- Bugle Ranges
- Coordinates: 35°08′17″S 138°52′32″E﻿ / ﻿35.1381°S 138.8756°E
- Population: 289 (SAL 2021)
- Postcode(s): 5251
- Elevation: 354 m (1,161 ft)
- LGA(s): District Council of Mount Barker
- State electorate(s): Electoral district of Heysen
- Federal division(s): Division of Mayo
Localities around Bugle Ranges:
| Echunga | Mount Barker | Wistow |
| Flaxley | Bugle Ranges |  |
| Macclesfield | Gemmells | Highland Valley |

= Bugle Ranges, South Australia =

Bugle Ranges is a locality on the Adelaide Hills of South Australia. It lies between Mount Barker and Strathalbyn, both by road and on the Victor Harbor railway line. Little remains of the village.

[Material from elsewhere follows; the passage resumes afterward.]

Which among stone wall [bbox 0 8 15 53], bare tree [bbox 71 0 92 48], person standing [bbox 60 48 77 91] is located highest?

The Bugle Inn was a licensed establishment. The licence was first granted to Frederick Rumble in 1852, then Walton in 1853. In 1856 the licence was transferred to first, Robert Sleep., then to William Kimber. The Inn appears to have only operated for a few years and was closed, remaining in use only as a landmark. Robert Sleep remained in the area until his death in 1898.

An annual Bugle Ranges ploughing match, held each year in September, was reported in the papers between 1853 and 1857 inclusive. During this time period, newspapers reported ploughing matches in many Adelaide Plains, Adelaide Hills and Fleurieu Peninsula centres.